A ação é uma das mais aguardadas e é o ponto alto da jornada, quando famílias camponesas, indígenas e autoridades fazem “chover juçara”. – Foto: Vinícius Carvalho
Da Página do MST A cooperação entre indígenas kaingang e guarani, com camponeses/as do Movimento dos Trabalhadores Rurais Rurais Sem Terra (MST) e órgãos públicos está devolvendo a palmeira juçara para a maior Terra Indígena do Paraná. Na manhã desta terça-feira (3), a Terra Indígena Rio das Cobras, em Nova Laranjeiras, região centro do Paraná, recebeu a semeadura aérea de 2 toneladas de juçara, lançadas com apoio de um helicóptero da Polícia Rodoviária Federal. A espécie está entre as ameaçadas de extinção na Mata Atlântica.
A ação faz parte da 3ª Jornada da Natureza, iniciativa organizada pelo MST em cooperação com diversos órgãos públicos, entre os dias 2 e 7 de junho. Os lançamentos desta terça foram os primeiros desta edição, e seguem nesta quarta, em Quedas do Iguaçu, e nesta sexta, em Antonina (confira a programação completa abaixo). Dezenas de comunidades da reforma agrária do Paraná também realizaram ações ao longo deste período, somando o total de 21 toneladas de sementes de juçara semeadas no estado.

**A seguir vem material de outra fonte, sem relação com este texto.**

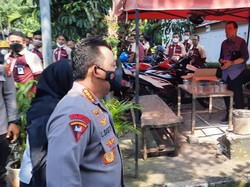 Kapolri Melayat ke Rumah Duka Tjahjo Kumolo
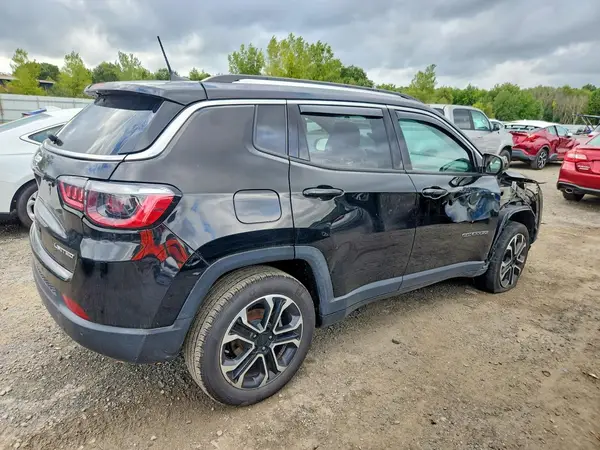 3C4NJDCB5NT105487 — 2022 Jeep Compass, фото 3 с аукциона Copart, Передняя часть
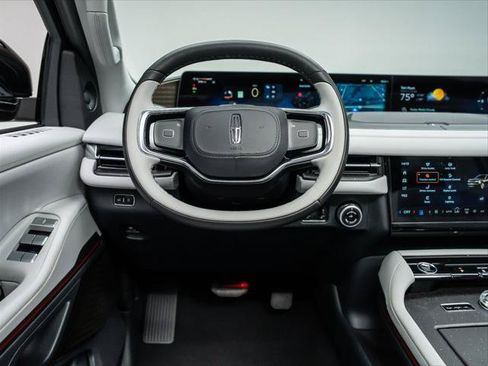 New 2026 Lincoln Navigator L Black Label AWD/4WD image 22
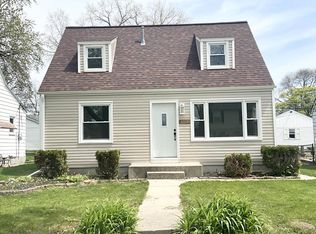 3718 N 98th St, Milwaukee, WI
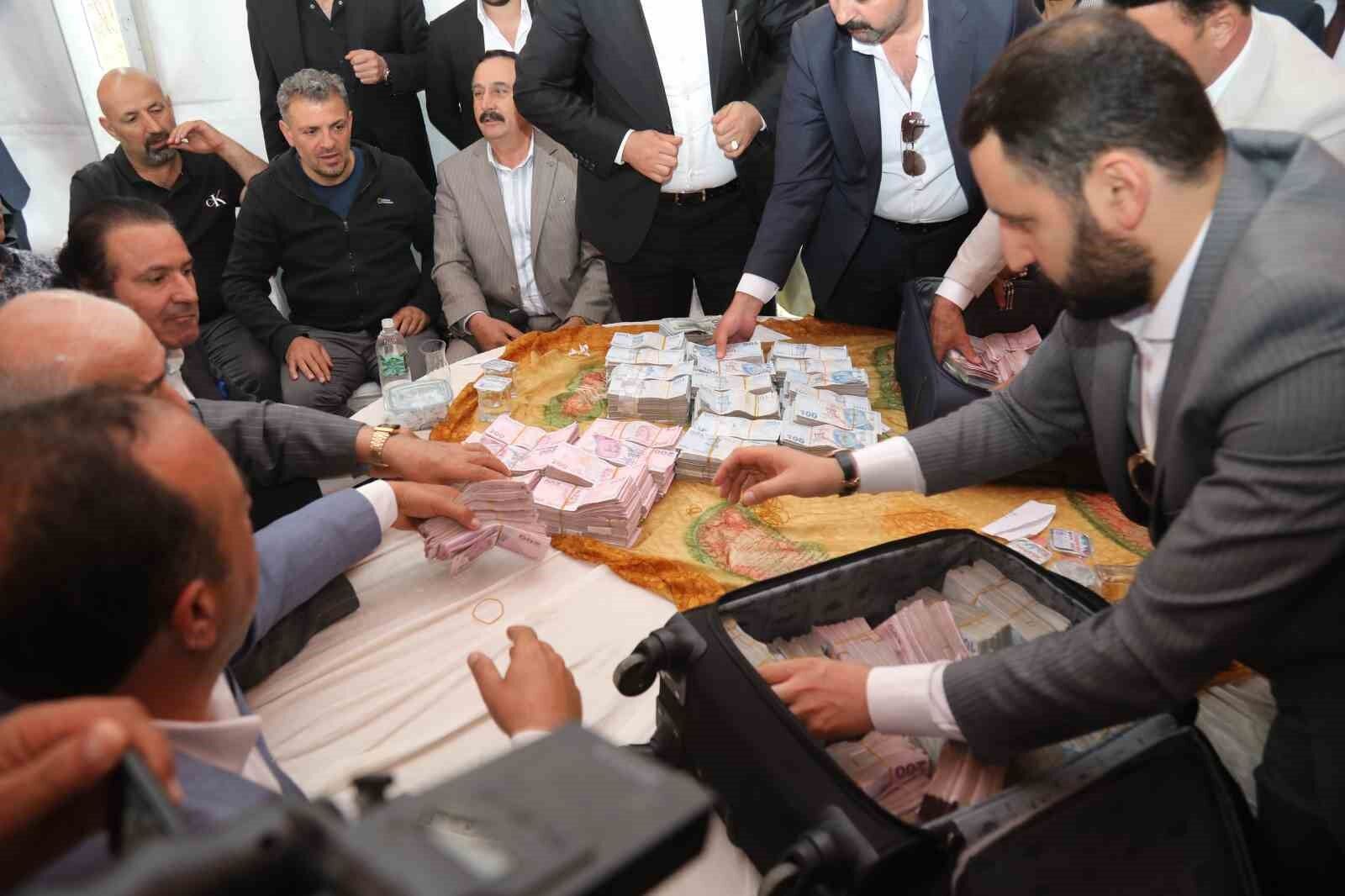 Aşiret düğününde geline 4 kilo altın, damada 6 milyon TL takıldı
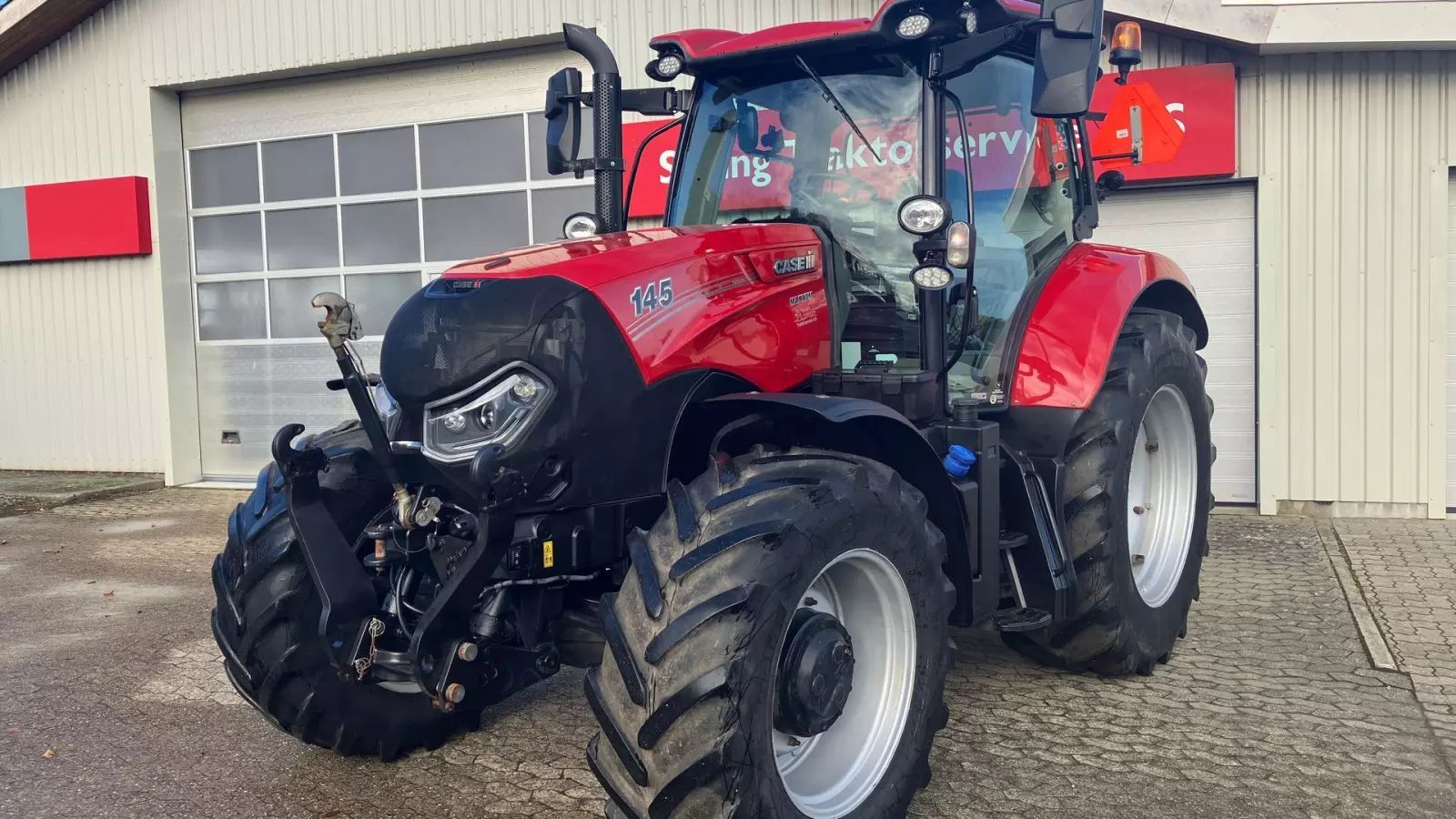 Case IH Maxxum 145 Tractor €61,456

A semeadura massiva da Juçara representa a retomada da presença da palmeira na aldeia, praticamente extinta no território. Adelar Fagpri Felix Manduca, indígena Kaingang presidente da Associação Terra Indígena Rio das Cobras (Atirc), a Jornada da Natureza é um marco na luta contra o desmatamento. “Eu nasci e me criei aqui, nunca vi uma ação ambiental desse tamanho, em nenhum governo”, garante ao falar da proporção da atividade.
Na edição do ano passado, a comunidade recebeu a semeadura de uma tonelada de sementes da palmeira. “Se a natureza morrer, morre o indígena. E se o indígena morrer, morre a natureza. A gente faz parte de todo esse ecossistema, então a gente tá aqui pra preservar”, disse.

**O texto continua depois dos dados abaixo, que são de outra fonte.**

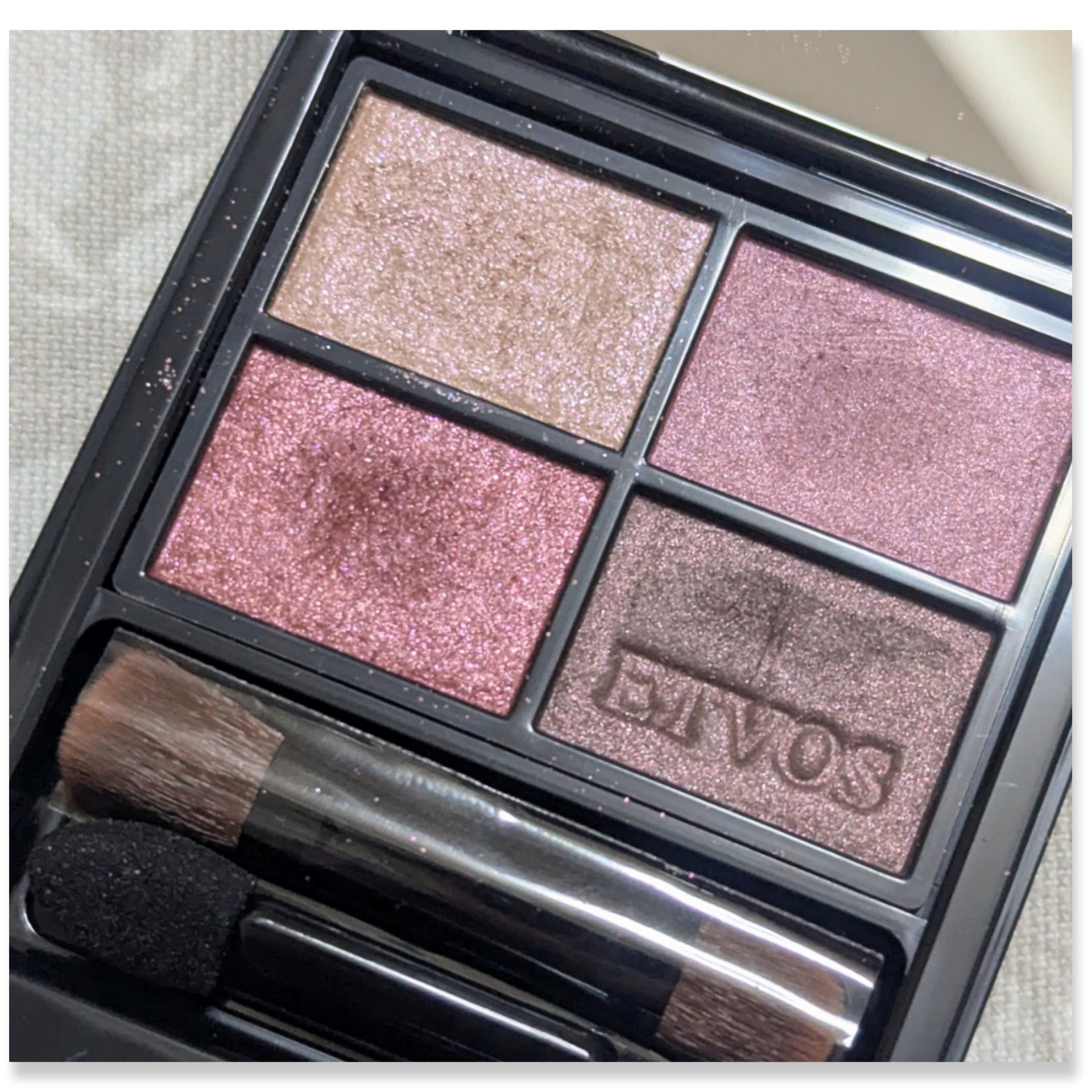 ミネラルクラッシィシャドー/エトヴォス/アイシャドウパレットを使ったクチコミ（3枚目）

A liderança indígena reforça a importância da aliança com o MST, em especial nesta região do estado, onde está a maior Terra Indígena e a maior área contínua de assentamentos e acampamentos da Reforma Agrária do Paraná, no centro do estado, que reúne quase 5 mil famílias camponesas: “Tem tudo a ver com nós, são os parceiros de luta nossa”.
Foto: Diangela Menegazzi
O comandante Kunen, da Polícia Rodoviária Federal, pilotou pelo terceiro ano consecutivo a aeronave que carregou as sementes lançadas. Antes do primeiro sobrevoo, Kunen falou da satisfação em novamente fazer parte da operação e da importância da aliança entre os órgãos como a PRF, o Ibama, junto com o MST, para a realização da ação. “A semeadura aérea imita o que a própria natureza faz. Estamos aqui utilizando o máximo possível de tecnologia, e o ser humano dedicado em restabelecer a natureza”.
Os sobrevoos são o momento mais aguardado da ação, quando famílias camponesas, indígenas e autoridades fazem “chover juçara”. É o que reforça o superintendente do Ibama no Paraná, Ralph Albuquerque, que também participa desde a primeira edição: “O elemento fundamental da Jornada da Natureza está nesse sobrevoo, nessas mudas, nos hectares que são plantados. A riqueza está nesse processo”.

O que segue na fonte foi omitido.